We must fight with all our strength against the forces of habit, which threaten to take away love’s ardor, freshness, and joy—is this the gloomy tone of one who believes we should love all men as if dead? Au contraire, part of remaining within love’s duty is sustaining our own need for the other person, for the love of the other person. We are not forbidden from desiring communion with persons—rather, we are to desire that person and their love, while simultaneously recognizing that our duty to love springs from God himself, not from any finite expression of love we receive. With these two things in mind, we begin to see the mystical vision that undergirds much of Kierkegaard’s thought. Consider these three passages:
Love’s hidden life is in the innermost being, unfathomable, and then in turn is in an unfathomable connectedness with all existence. Just as the quiet lake originates deep down in hidden springs no eye has seen, so also does a person’s love originate even more deeply in God’s love.
God is closer to us than our own soul, for he is the foundation on which our soul stands... For our soul sits in God in true rest, and our soul stands in God in sure strength, and our soul is naturally rooted in endless love.
God is in man, and in God is all. And he who loves thus loves all...
The first is, of course from Works of Love (p. 9). The latter two are from Julian of Norwich’s Showings. There is further resonance with the idea that God is closer to us than our own souls found in Kierkegaard’s The Sickness Unto Death, where the fully actualized self is seen to rest transparently in that which grounds it (i.e., in God’s love). This unity of self and the world through love is a common enough theme in mystical traditions of all kinds—I can only remain surprised that so few have noticed it running through Kierkegaard’s thought as well.
If our love originates in God’s love, and love also must retain its joy and desire and freshness—is there not in this something of the divine madness found in the Phaedrus?
Thus far I have been speaking of the fourth and last kind of madness, which is imputed to him who, when he sees the beauty of earth, is transported with the recollection of the true beauty; he would like to fly away, but he cannot; he is like a bird fluttering and looking upward and careless of the world below; and he is therefore thought to be mad.
Every interaction with love, with beauty, with life itself causes us to fly upward out of ourselves and plunge inward beneath ourselves to the source of all that is Good and True and Beautiful—God.
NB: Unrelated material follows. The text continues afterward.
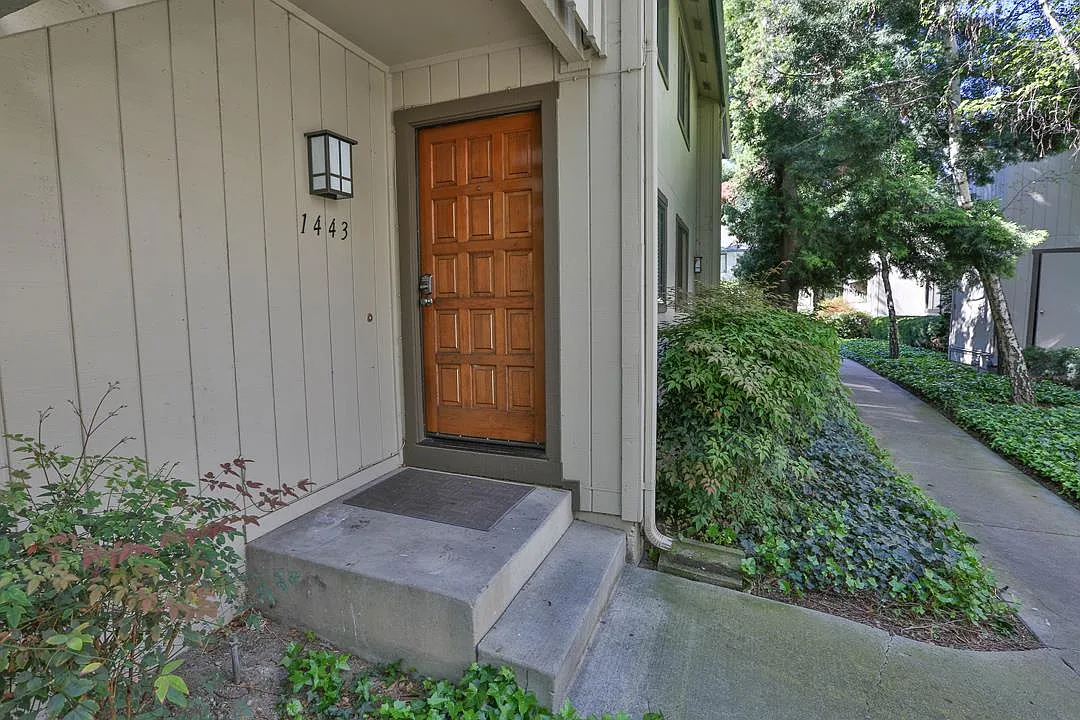1443 Alma Loop photo 1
We should not be so shocked to see Kierkegaard as a mystic, either. He was raised within the Lutheran Pietistic tradition, which has its own strain of mystic thought through Jacob Boehme, and he was intimately familiar with the thought of Franz von Baader as well. Indeed in several places, Kierkegaard presupposes that his readership is familiar with Baader’s writing. All this makes me wonder why so many readers of SK have been reticent to read him as a mystic alongside his ethical rigor. (If you want to explore more of the Lutheran mystical tradition, Ben Ames-McCrimmon has done some wonderful writing on the topic, e.g., this article.)
As usual for this series, we will pick up next time where we left off, which is:
Only when it is a duty to love, only then is love eternally and happily secured against despair. (p. 40)
If you have any thoughts, I would enjoy reading them down below in the comments. I would love to know what you guys think of this mystical reading which I am hastily sketching at—is it strained, is it reasonable? And as always, thanks for reading.
This is not to say that dating apps are universally bad—on the contrary, they do have positive, if limited, value when used correctly, especially for marginalized groups. But all too often the apps encourage a sort of aesthetic seeking of newness over real relationship.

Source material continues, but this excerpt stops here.